- Partial answer -
Note that I am using the OpenJDK (JDK 9) sources as a foundation to comment on this question. This answer does not relies on any kind of documentation or published specifications, and includes a bit of speculation coming from my understanding and interpretation of the source code.
The GC overhead limit exceeded
is considered in the VM as a subtype of out of memory error and generated after an attempt to allocate memory fails (see (a)).
Essentially, the VM keeps track of the number of occurences of full garbage collection and compares it against the limit enforced for full GCs (which can configured on Hotspot using -XX:GCTimeLimit=
, cf Garbage Collector Ergonomics).
The implementation of how the full GC count is tracked and the logic behind when a GC overhead limit is detected is available in one place, in hotspot/src/share/vm/gc/shared/adaptiveSizePolicy.cpp
. As you can see, two additional conditions on the memory available in the old and eden generations are required to satisfy the criteria of a GC overhead limit:
void AdaptiveSizePolicy::check_gc_overhead_limit(
size_t young_live,
size_t eden_live,
size_t max_old_gen_size,
size_t max_eden_size,
bool is_full_gc,
GCCause::Cause gc_cause,
CollectorPolicy* collector_policy) {
...
if (is_full_gc) {
if (gc_cost() > gc_cost_limit &&
free_in_old_gen < (size_t) mem_free_old_limit &&
free_in_eden < (size_t) mem_free_eden_limit) {
// Collections, on average, are taking too much time, and
// gc_cost() > gc_cost_limit
// we have too little space available after a full gc.
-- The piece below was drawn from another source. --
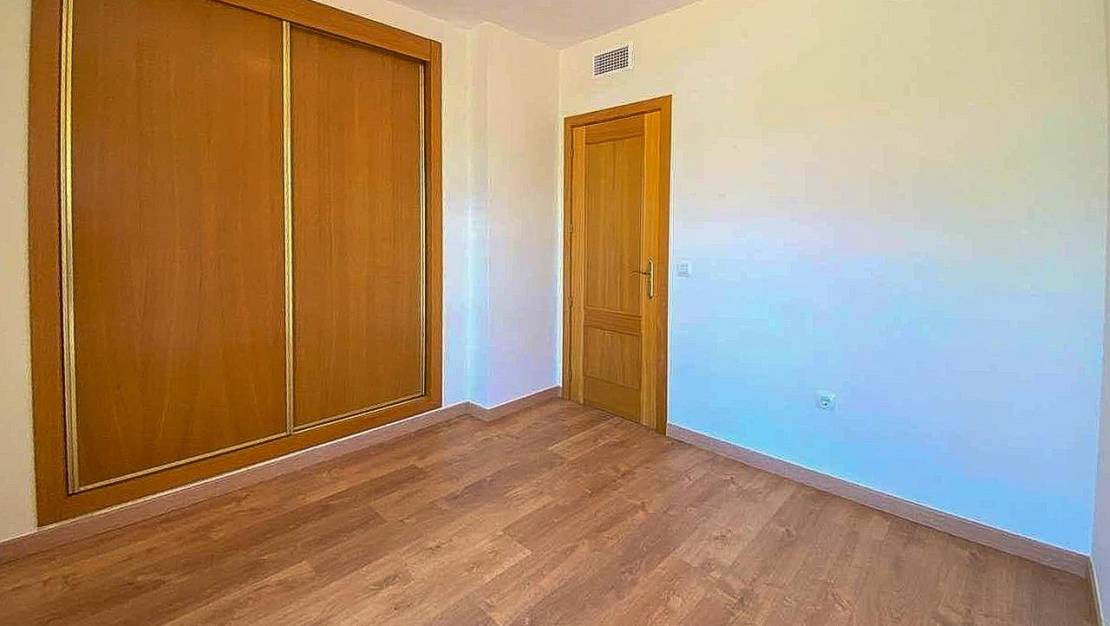 Venta - Atico - Mijas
// total_free_limit < mem_free_limit
// where
// total_free_limit is the free space available in
// both generations
// total_mem is the total space available for allocation
// in both generations (survivor spaces are not included
// just as they are not included in eden_limit).
// mem_free_limit is a fraction of total_mem judged to be an
// acceptable amount that is still unused.
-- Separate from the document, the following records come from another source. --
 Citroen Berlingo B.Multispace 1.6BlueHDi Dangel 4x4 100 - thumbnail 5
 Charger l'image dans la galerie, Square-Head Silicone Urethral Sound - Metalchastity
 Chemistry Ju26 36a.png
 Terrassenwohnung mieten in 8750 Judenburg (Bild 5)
// The heap can ask for the value of this variable when deciding
// whether to thrown an OutOfMemory error.
// Note that the gc time limit test only works for the collections
// of the young gen + tenured gen and not for collections of the
// permanent gen. That is because the calculation of the space
// freed by the collection is the free space in the young gen +
// tenured gen.
// At this point the GC overhead limit is being exceeded.
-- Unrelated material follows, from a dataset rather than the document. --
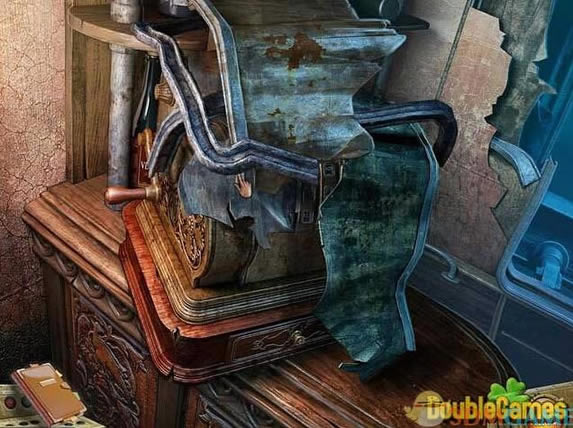�����г�����_�����г� Ӣ���ⰲװ������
inc_gc_overhead_limit_count();
if (UseGCOverheadLimit) {
if (gc_overhead_limit_count() >= AdaptiveSizePolicyGCTimeLimitThreshold){
// All conditions have been met for throwing an out-of-memory
set_gc_overhead_limit_exceeded(true);
// Avoid consecutive OOM due to the gc time limit by resetting
// the counter.
reset_gc_overhead_limit_count();
} else {
...
}
(a) When is a GC overhead limit exceeded
error generated?
It actually does not happen during a collection itself, but when the VM makes an attempt to allocate memory - you can find the justification of these statements in hotspot/src/share/vm/gc/shared/collectedHeap.inline.hpp
:
HeapWord* CollectedHeap::common_mem_allocate_noinit(KlassHandle klass, size_t size, TRAPS) {
...
bool gc_overhead_limit_was_exceeded = false;
result = Universe::heap()->mem_allocate(size, &gc_overhead_limit_was_exceeded);
...
// Failure cases
if (!gc_overhead_limit_was_exceeded) {
report_java_out_of_memory("Java heap space");
...
} else {
report_java_out_of_memory("GC overhead limit exceeded");
...
}
(b) Note about the G1 implementation
Looking at the method mem_allocate
of the G1 implementation (which can be found in g1CollectedHeap.cpp
), it appears the boolean gc_overhead_limit_was_exceeded
is not used anymore. I wouldn't be too fast to draw the conclusion that the GC memory overhead error cannot occur anymore if G1 GC is enabled though - I need to check this.
Conclusion
It seems you were right in that this error genuinely comes from memory exhaustion;
The argument that this error can be generated based on the number of times small objects are collected does not seem right to me, because
- We saw the VM does need to run out of memory for this error to occur;
- Independently of the first reason, we would need to refine the statement further anyway - and especially the reference to small objects. Are we talking about young generation collection only? If so, these collections are not included in the GC count checked against the limit, and therefore would never have a chance to be involved in this error, would the VM run OOM or not.